The most pressing concern is dealing with $28 billion of unfunded pension liabilities that will require a $280 million payment spike for public safety contributions next year and then another $310 million two years later.
If approved Wednesday, the city will distribute a preliminary offering statement Friday and then begin investor outreach. The city will provide updates to Fitch Ratings, Kroll Bond Rating Agency, and S&P Global Ratings. It does not seek ratings from Moody’s Investors Service which rates the city at junk-level Ba1.
Fitch Ratings has the city at BBB-minus with a stable outlook. S&P Global Ratings rates the city at BBB-plus and stable. Kroll Bond Rating Agency rates the city A with a stable outlook.
Barclays will run the books on the new money deal that will finance 2018 and 2019 capital projects with a portion paying off commercial paper that provided interim financing.
The city’s financial landscape has brightened compared to its last GO deal in January 2017 with progress on pension funding, its budget deficit, one rating upgrade, and stable rating outlooks. Chicago Public Schools is also now on more stable fiscal footing and the city is likely to enjoy a more friendly relationship with the new Democratic governor, J.B. Pritzker, after a combative one with his predecessor, Republican Bruce Rauner.
“They do have a lot of tailwinds behind them, and given the current situation the credit is in a more stable place than two years ago,” said Dennis Derby, senior research analyst at Wells Capital Management Inc. and portfolio manager for the Wells Fargo High Yield Municipal Bond Fund, but it’s “hard to tell” what cost investors will demand for the uncertainty going forward.
Brown insists that some policy and funding measures in place will be difficult to reverse by the next mayor.
“We can say the requirement to fund pensions is a statutory requirement. We can say that we've de-risked the balance sheet.

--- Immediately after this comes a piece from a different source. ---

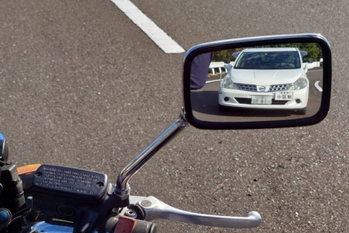 あおり運転に遭ってる？勘違い？ミラー越しに見える後続車両との車間距離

We ended some of the bad financial practices we inherited so that the ability to fall back” on those fronts “is difficult,” Brown said.

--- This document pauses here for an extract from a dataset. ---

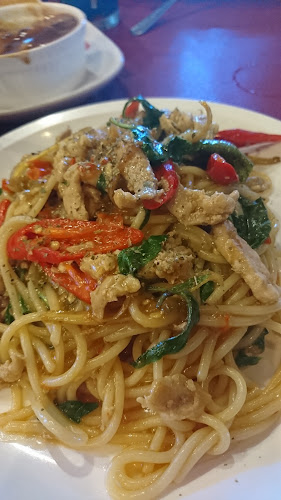 สเต็กอุบลฯ-บ้านอันดาสเต็กเฮ้าส์2 - การบริการอาหารและที่พัก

“We can say we improved our unassigned fund balance and we've improved our liquidity,” Brown continued. “We can say through a successful STSC [Sales Tax Securitization Corp.] we've saved the city over a billion dollars and so we are back to an improving financial picture and we believe the next administration will want to continue that."
Brown is referencing the city’s pension funding overhaul that is part of state pension law now and requires the city to ramp up funding to actuarial levels in the coming years, the city’s shedding of swaps and general obligation floating-rate debt, ending the use of reserves, and phasing out scoop-and-toss debt restructuring for budget relief.

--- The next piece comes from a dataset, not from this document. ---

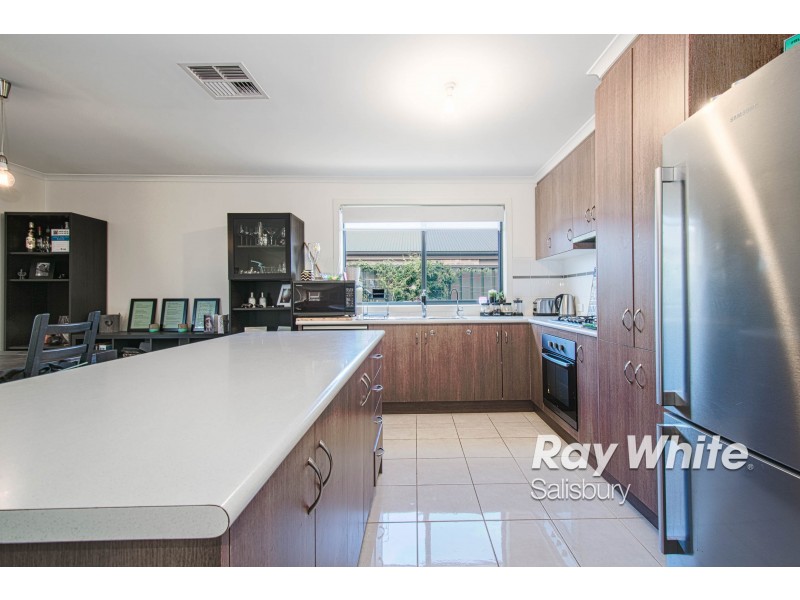 4 Coonawarra Avenue, Andrews Farm SA 5114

The city’s fund balance is up to about $150 million from low double digit levels and the structural imbalance was trimmed to under $100 million this year from the more than $600 million Emanuel inherited. The city established the higher rated sales tax securitization structure to refund general obligation bonds at lower rates.
Still, clouds loom.
In addition to the pension funding needs, a budget gap of $250 million is projected next year, debt service will rise, and police and fire labor contracts must be tackled when the new administration takes office May 20. S&P warned in a recent report it could “take a negative rating action” if the city backslides on its progress toward structural alignment on full actuarial pension funding.
Brown acknowledged her assurances may only go so far with investors.
“The market is going to want to know that there is a commitment from the next administration to do what needs to be done including having the revenue to support the operations,” Brown said.
Most of gains ticked off by Brown weren’t accomplished until Emanuel’s second term, but the payoff has come in a material narrowing of the city’s spreads since the last sale.
A 2037 maturity traded at 145 basis points over the triple-A benchmark on March 1 and March 8, said IHS Markit strategist Ed Lee.
The city’s primary spreads peaked with the $1.1 billion 2017 issue.
The 2038 tax-exempt term bond paid a yield of 6.20%, 323 bps more than the Municipal Market Data’s triple-A benchmark while 2029 serial bond paid a yield of 5.8%, 331 bps over MMD.
A taxable 2042 bond traded at 342 bp and 347 bp spreads to Treasurys, IHS said in its Monday market report. That’s wider than last week but far narrower than the 2017’s 2029 term bond that paid priced at a 457.8 bp spread.
NEAR THE END
The city has water and wastewater deals to sell but they have refunding components that are market-driven and the city may run out of time to sell them before Emanuel’s exit.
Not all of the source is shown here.